INTEGRATING PRAGMATICS WITH LARGE LANGUAGE MODELS: A MULTILINGUAL APPROACH TO CONTEXTUAL UNDERSTANDING
DOI: https: doi.org/10.5281/zenodo.17221857
Keywords:
Pragmatics; Large Language Models; Multilingualism; Contextual Understanding; Cross-Cultural Communication; Natural Language Processing; Computational LinguisticsAbstract
The state of the art performance of the large language models (LLM) has transformed the natural language processing system by delivering essential results in various linguistic activities such as translation, summarization, and conversational interactions. However, despite their fine acting, such models possess a single significant weakness the lack of pragmatic depth. God-given human communication depends on pragmatics or the meaning and context within the environment, mission, and cultural regulations that define this meaning. It does not imply that the indirect speech acts, implicatures, politeness strategies, and culturally-aware phrases cannot be misunderstood by the LLMs, which are highly powerful in syntax and semantics. This has been blown out of proportion where in the multilingual setup, one and the same utterances could be pragmatically significant in one linguistic community and even in another linguistic community.

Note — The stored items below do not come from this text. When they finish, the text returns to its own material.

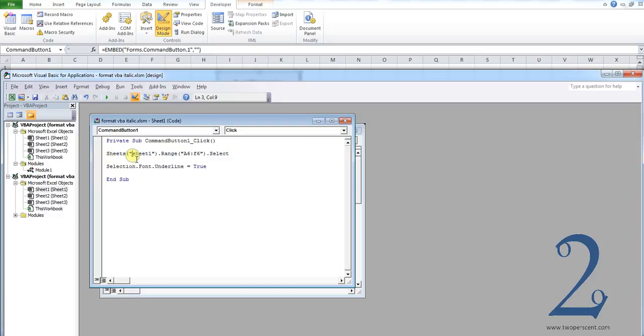Sheets sheet 1, which is the sheet we're working on, range A6 to F6, and we select that range.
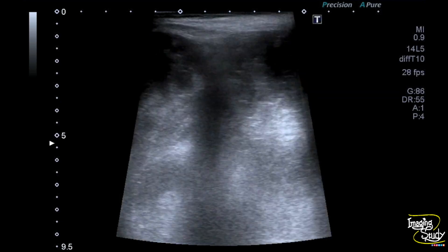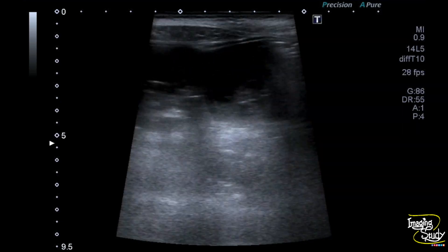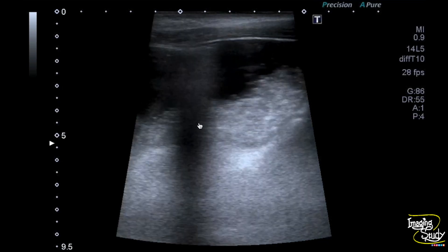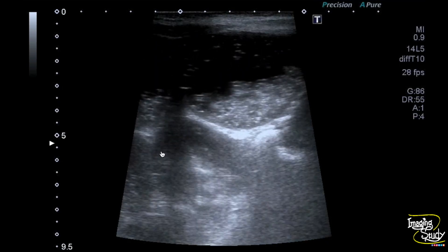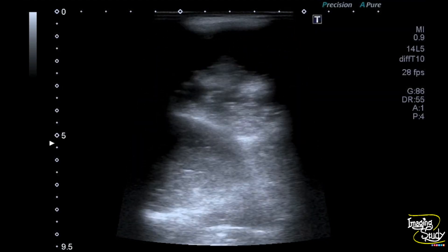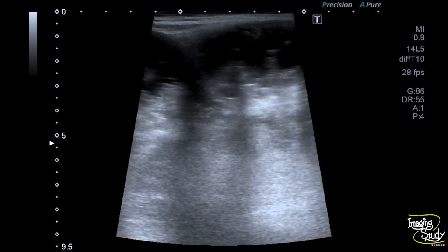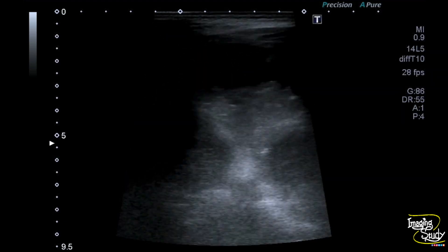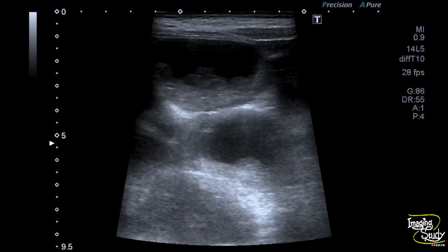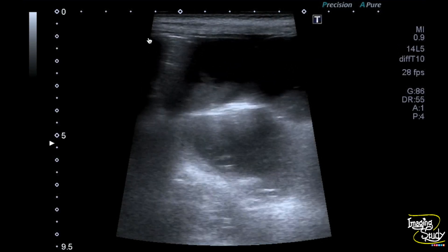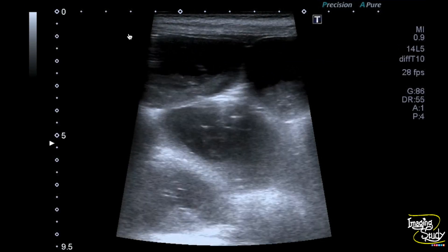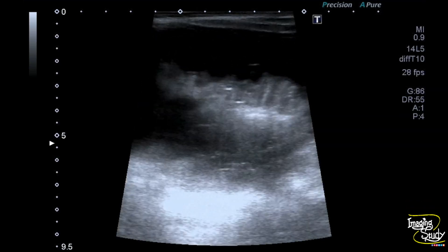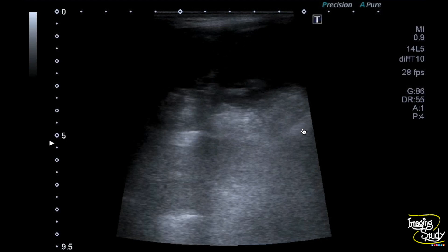Here you can see a distended intestinal loop with a high frequency linear transducer. You can see the movement within this fluid-filled bowel loop. These fluids are moving forward and backward, known as to-and-fro flow. These are the bowel walls and you can see the gut signature is maintained here. These are the valvulae conniventes, indicating it as a small intestinal loop.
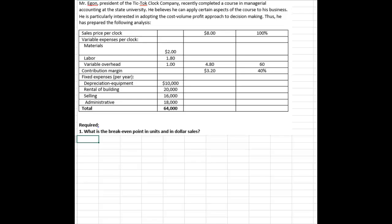To find the break-even point in units and dollars, I'm going to use this equation that says my total revenue equals my total costs. That's where we break even.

A mixture of practical principles in the LLM designs is the solution of this challenge. The paper will propose a multilingual practice, which is founded on the contextual conceptualization of languages, on the pragmatics and intercultural communication theories. The research is scheduled to expand the functions of the LLCs with pragmatic consciousness by experimenting with pragmatically scribbled corpora, as well as creating an inventory of testing measures which quantify the aptitude of the interpreters to be circumstantially conscious. Further, the paper considers the strategies of fine-tuning and comparison of human judgment and the output of LLM to evaluate pragmatic fidelity.

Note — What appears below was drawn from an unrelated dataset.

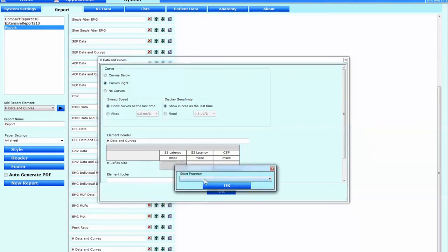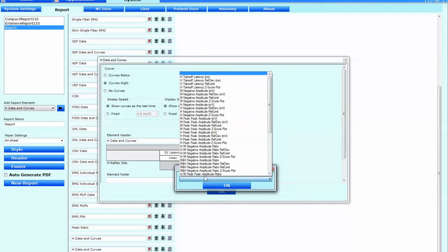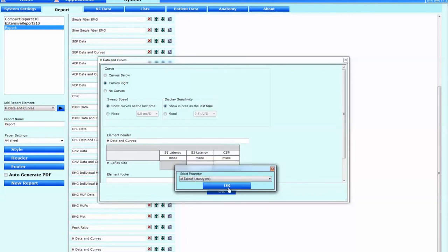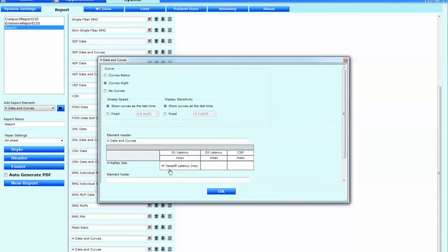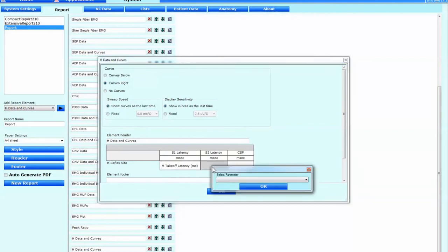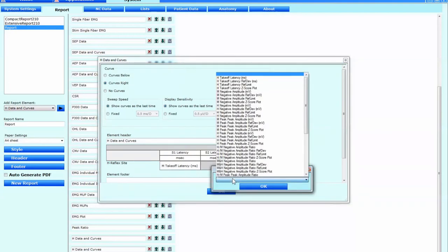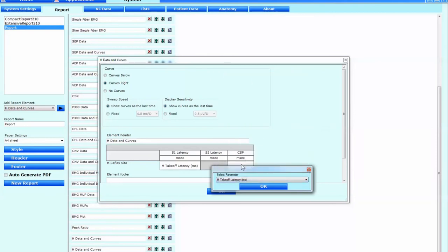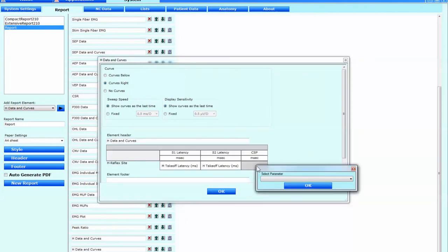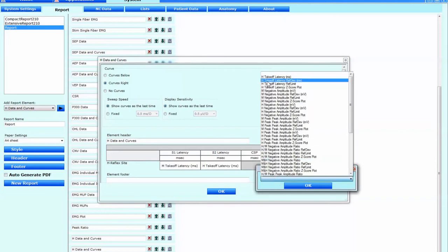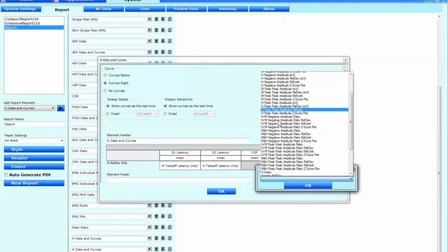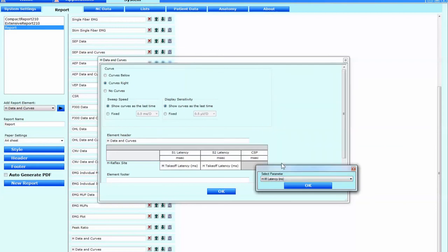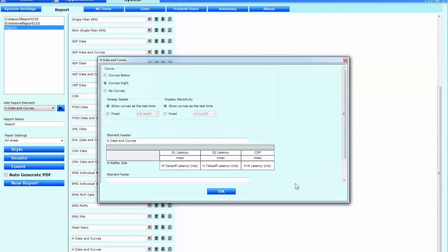And now what we're going to do is we're going to add in the parameters. So remember of course that we've used the H and M latencies. So the first one we're putting is the M takeoff latency under the S1 latency. And then for the S2 latency, no surprises, it's going to be the H takeoff latency. Click OK. And then for the difference between the two, we're going to put in the H M latency difference there. And we'll change the element header to the CSP and we'll click OK.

Hopefully, one may realize that the contributions are triple to demonstrate necessity to introduce pragmatic reasoning into the LLMs, to underline the necessity of multilingualism in the context of forming the context awareness, andto propose the paradigms of pragmatic incorporation that could enhance cross-cultural communication. Long-term, the proposed study is hoping that the result will be an even contextually aware, culturally sensitive, and more trustworthy LLM that is closer to human-like language competence.